● **ACTION ITEM**
Could you transcribe exactly the lines below, from the line with "4. Potom plátky" through the line with "1215 W Rosemont Ave #3 — Photo 9", and nothing else, leaving out the pictures?

● **MATERIAL TO PROCESS**
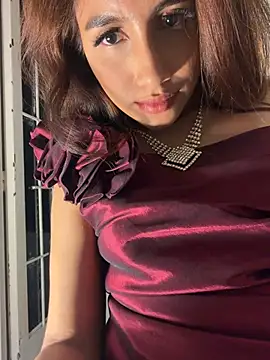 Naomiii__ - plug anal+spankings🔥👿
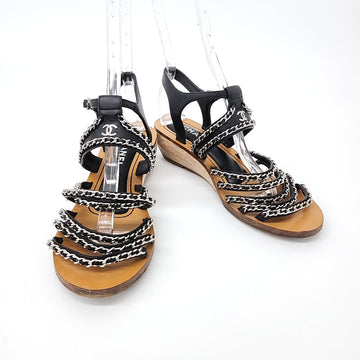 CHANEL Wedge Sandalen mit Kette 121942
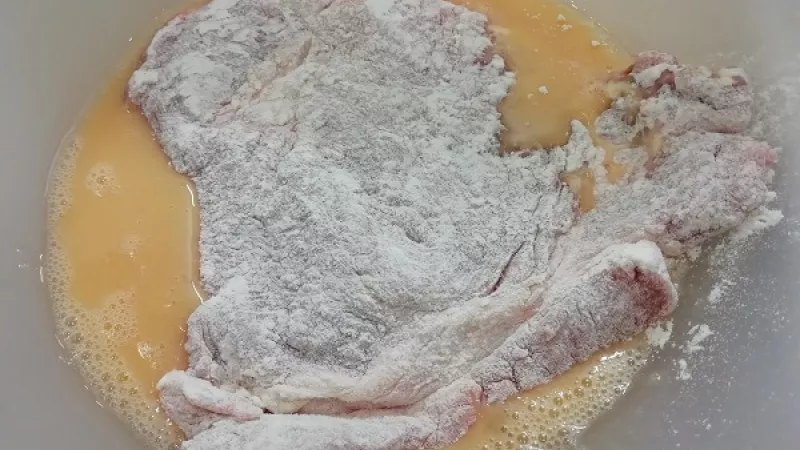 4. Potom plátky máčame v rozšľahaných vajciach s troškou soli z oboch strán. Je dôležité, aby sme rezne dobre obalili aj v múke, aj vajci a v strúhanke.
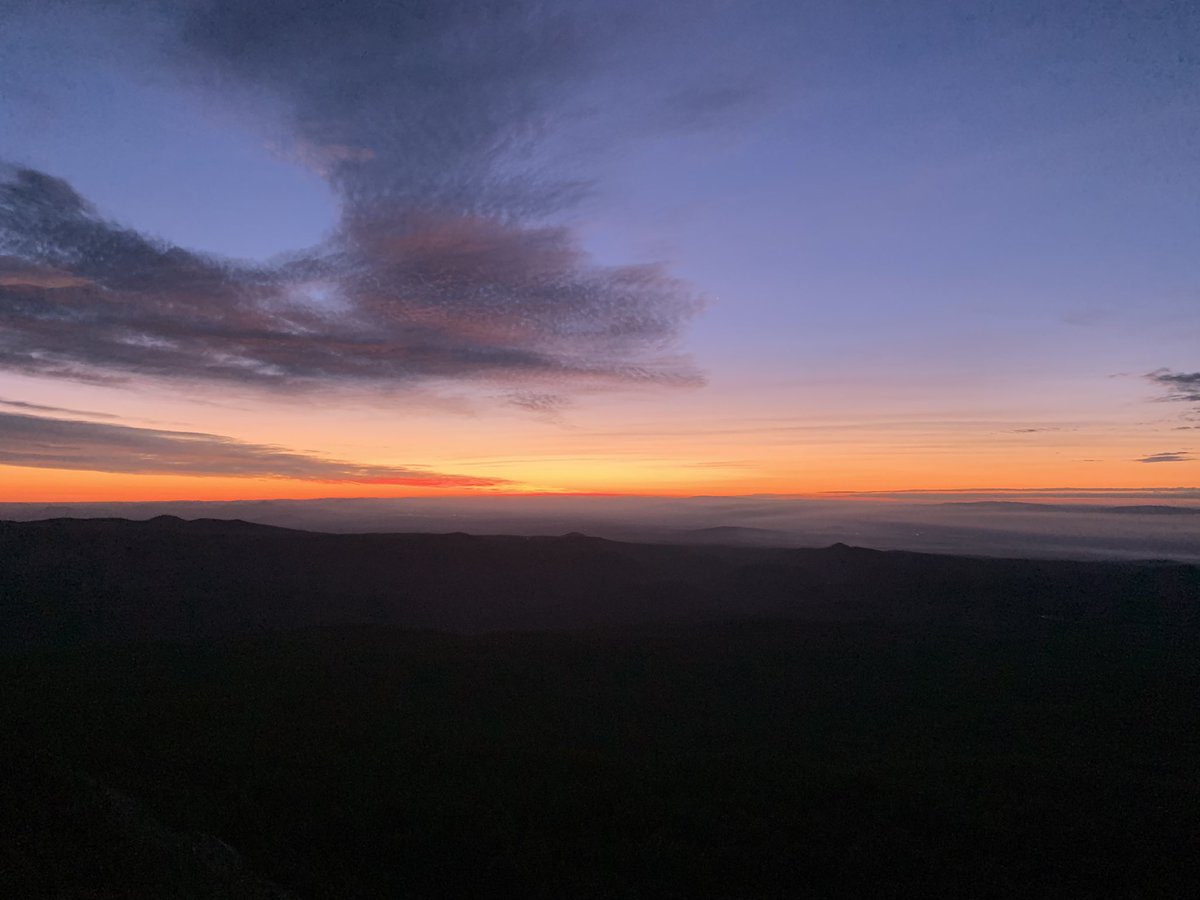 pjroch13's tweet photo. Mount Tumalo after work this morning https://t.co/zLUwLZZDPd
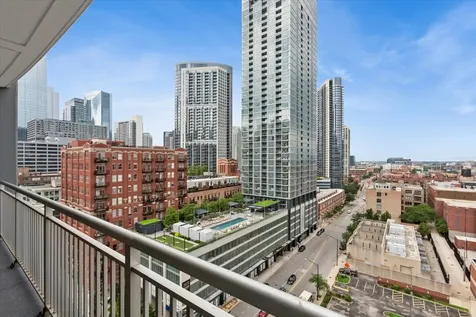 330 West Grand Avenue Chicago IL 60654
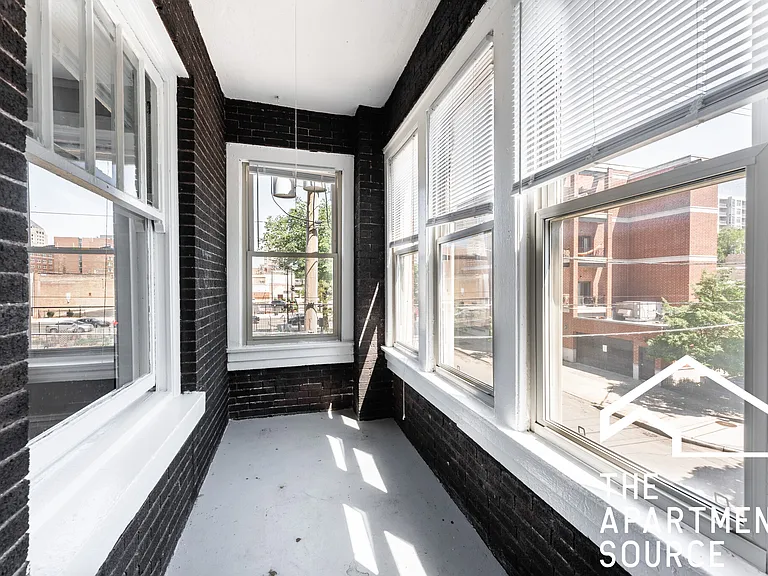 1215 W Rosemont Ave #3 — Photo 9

...

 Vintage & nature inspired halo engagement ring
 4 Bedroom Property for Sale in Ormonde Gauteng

* * *

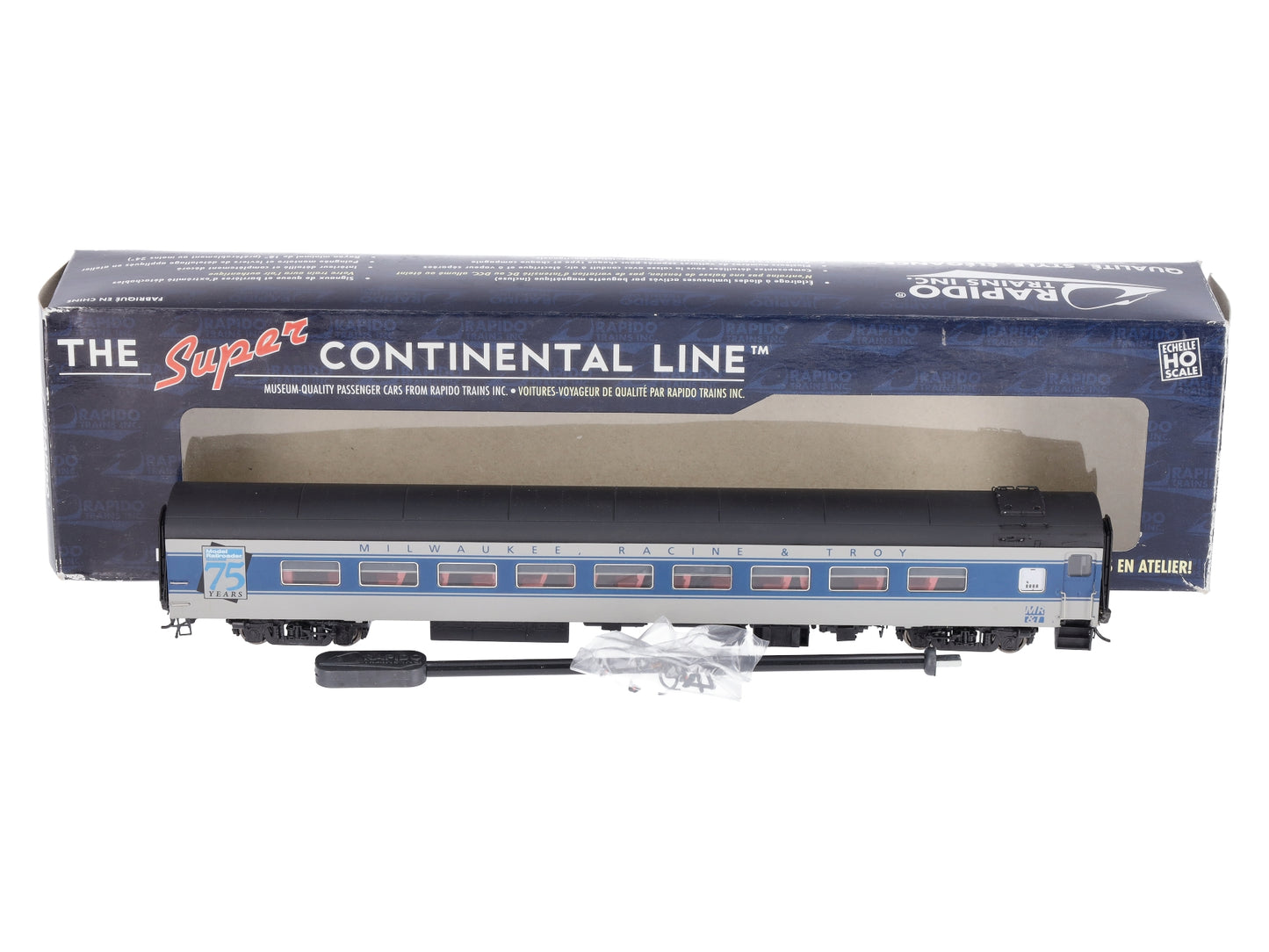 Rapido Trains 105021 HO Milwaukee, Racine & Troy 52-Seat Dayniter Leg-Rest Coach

● **EXERCISE OUTPUT**
 4. Potom plátky máčame v rozšľahaných vajciach s troškou soli z oboch strán. Je dôležité, aby sme rezne dobre obalili aj v múke, aj vajci a v strúhanke.
 pjroch13's tweet photo. Mount Tumalo after work this morning https://t.co/zLUwLZZDPd
 330 West Grand Avenue Chicago IL 60654
 1215 W Rosemont Ave #3 — Photo 9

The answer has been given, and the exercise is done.